[Search for users] [Overall Top Noters] [List of all Conferences] [Download this site]

Conference clt::cma

Title:DECthreads Conference
Moderator:PTHRED::MARYSTEON
Created:Mon May 14 1990
Last Modified:Fri Jun 06 1997
Last Successful Update:Fri Jun 06 1997
Number of topics:1553
Total number of notes:9541

1484.0. "stack-related question" by KCBBQ::PRESTON (big enough never is) Thu Feb 13 1997 15:20

A VAR I support has an x-windows program that fires off some threads. 
The program works well on Alpha/OVMS v7.1, but consistently dies when 
the thread is created and left idle, as well as during "normal" use.  

More info including the error msg is given below.  We understand that this is
extremely limited information (we can supply more if needed), but the VAR 
asks, "are there any patches available that encompasses the changes
made to VMS 7.1 but are available on 6.1 (or 6.2)"?

Thanks in advance,

- Taylor

---------------------------------------------------------------------------

OpenVMS ALPHA 6.1

anal/image/inter sys$library:CMA$LIB_SHR.EXE

        Image Identification Information

                image name: "CMA$LIB_SHR"
                image file identification: "CMA V2.11-439"
                image file build identification: "X5SC-SSB-0000"
                link date/time:  2-APR-1994 07:25:33.88
                linker identification: "T11-11"

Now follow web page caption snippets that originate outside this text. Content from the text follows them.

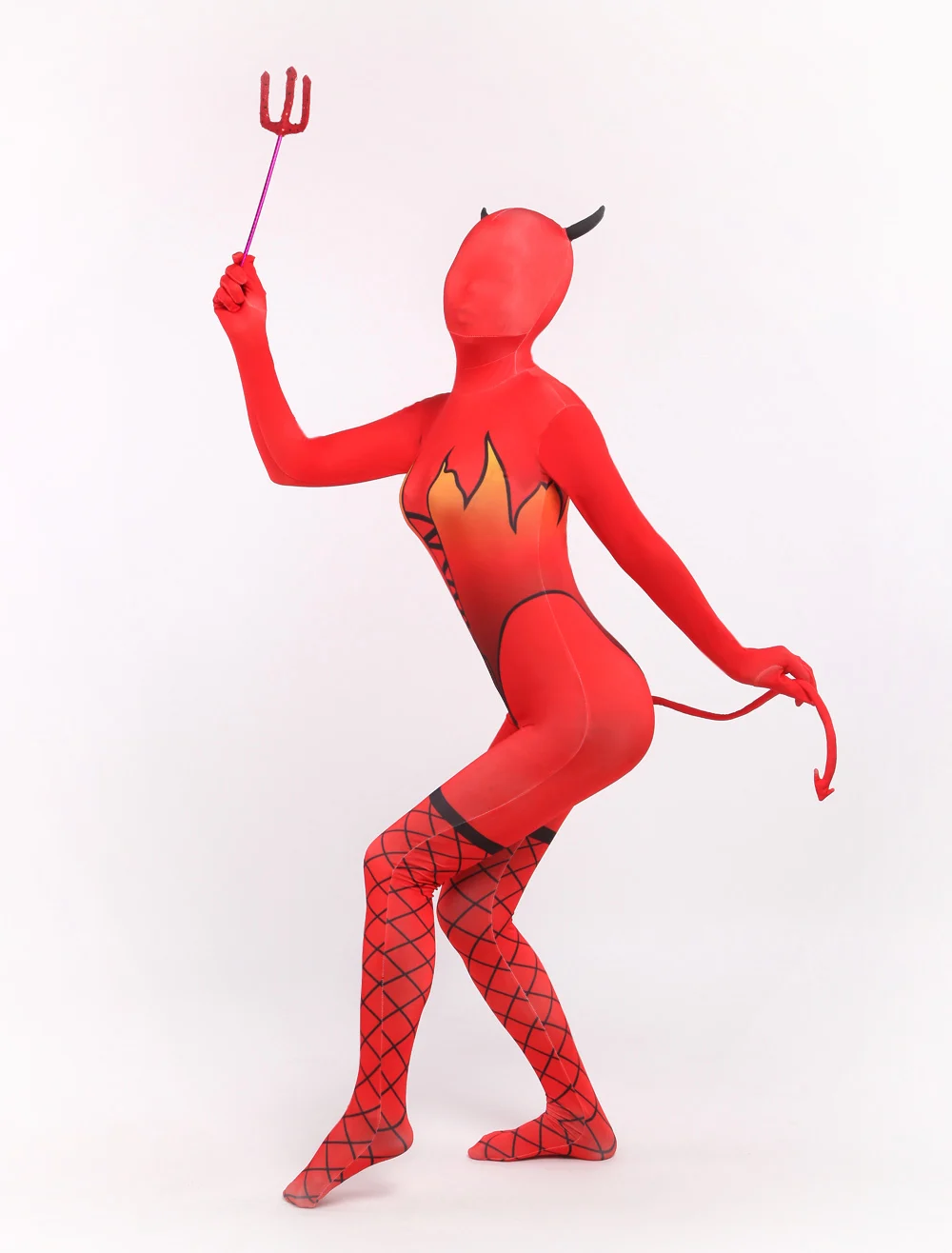 HTB11kcTIXXXXXXkXXXXq6xXFXXXk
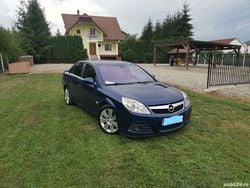 Utilizat 2007 Opel Vectra Berlinǎ | 1.950 EUR
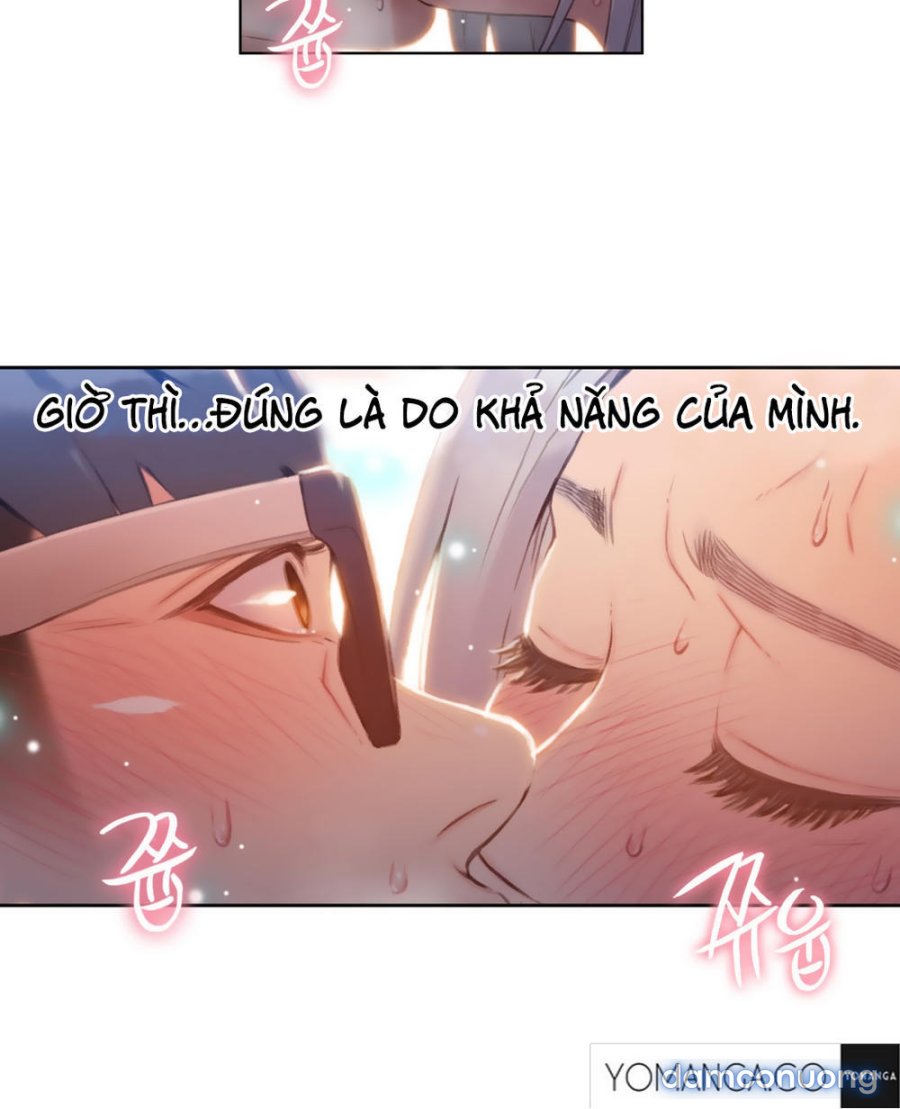 Anh Chàng Ngọt Ngào 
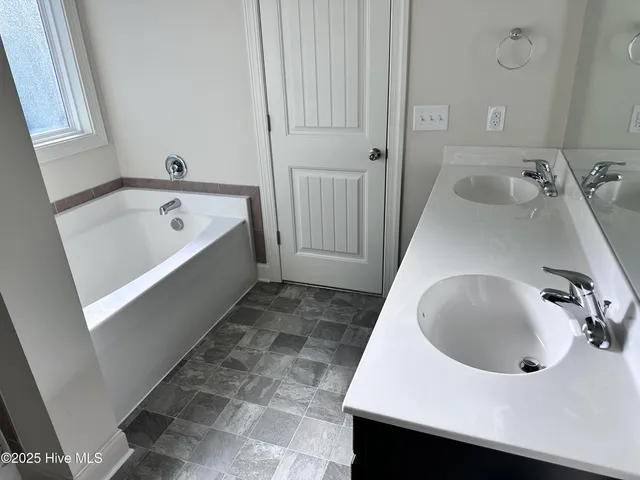 $2,300 | 413 Belhaven Court, Holly Ridge, NC 28445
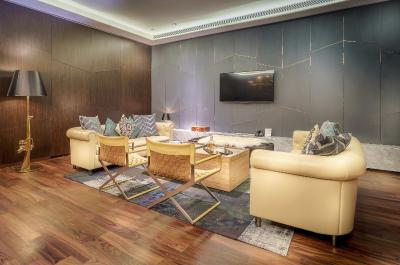 نائومی سنگاپور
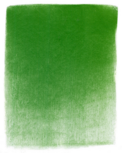 Blue Green Shade van PanPastel Kleur 670.3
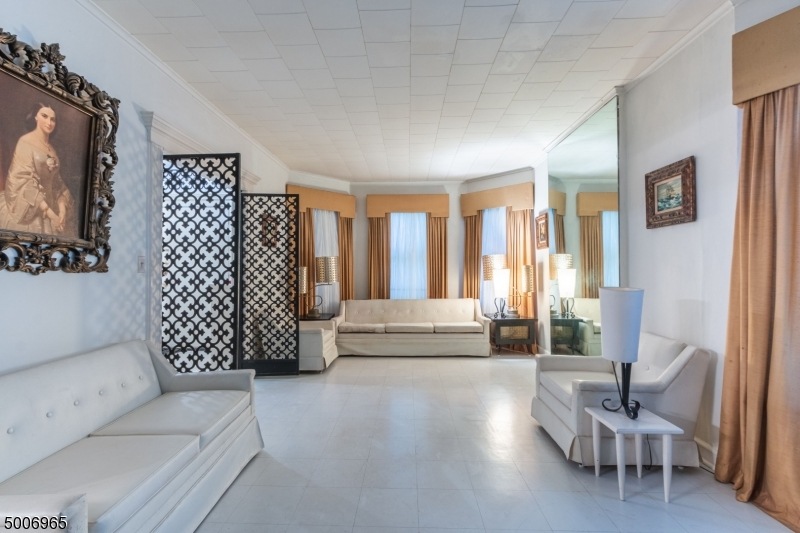 44 Meade Ave, Passaic, NJ 07055 - photo 1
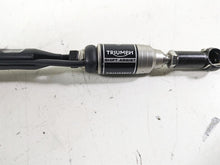 Load image into Gallery viewer, 2023 Triumph Street Triple 765 RS Quickshifter Shift Assist Dual T2082984 | Mototech271
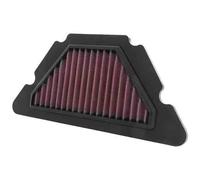 FILTRO ARIA K&N AIR FILTER YAMAHA XJ 6 F 600 2010 2011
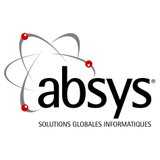 ABSYS COMPUTER MONTPELLIER (Occitanie)
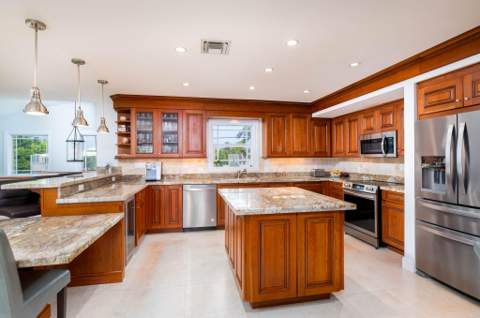 136 Giardino Drive, Plantation Key FL - photo 12 of 51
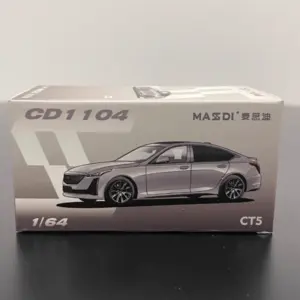 Sa5146e9ddf9d4780933589c46257f2e6X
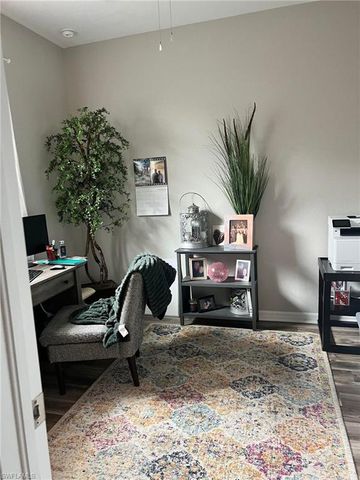 2105 Clementine ST, Naples, FL 34120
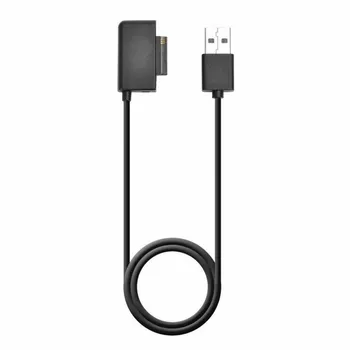 

High Quality Universal USB Data Fast Charging Cable For TOMTOM GO 1000/1005/1050 GPS Navigation Charger Accessories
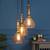 Valtch85gd81604 lp
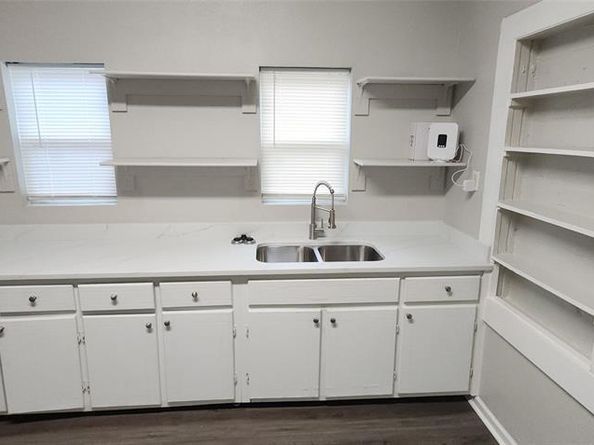 1806  Maryland Avenue , Dallas Texas 75216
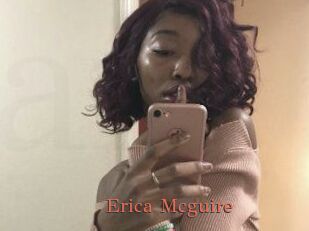 Erica_Mcguire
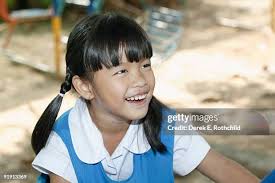 706 Derek Jolly Stock Photos, High-Res Pictures, and Images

 anal/image/inter sys$library:CMA$OPEN_LIB_SHR.EXE

        Image Identification Information

                image name: "CMA$OPEN_LIB_SHR"
                image file identification: "CMA V2.11-439"
                image file build identification: "X5SC-SSB-0000"
                link date/time:  2-APR-1994 07:25:45.05
                linker identification: "T11-11"


anal/image/inter sys$library:CMA$OPEN_RTL.EXE    

        Image Identification Information

                image name: "CMA$OPEN_RTL"
                image file identification: "CMA V2.11-439"
                image file build identification: "X5SC-SSB-0000"
                link date/time:  2-APR-1994 07:20:05.36
                linker identification: "T11-11"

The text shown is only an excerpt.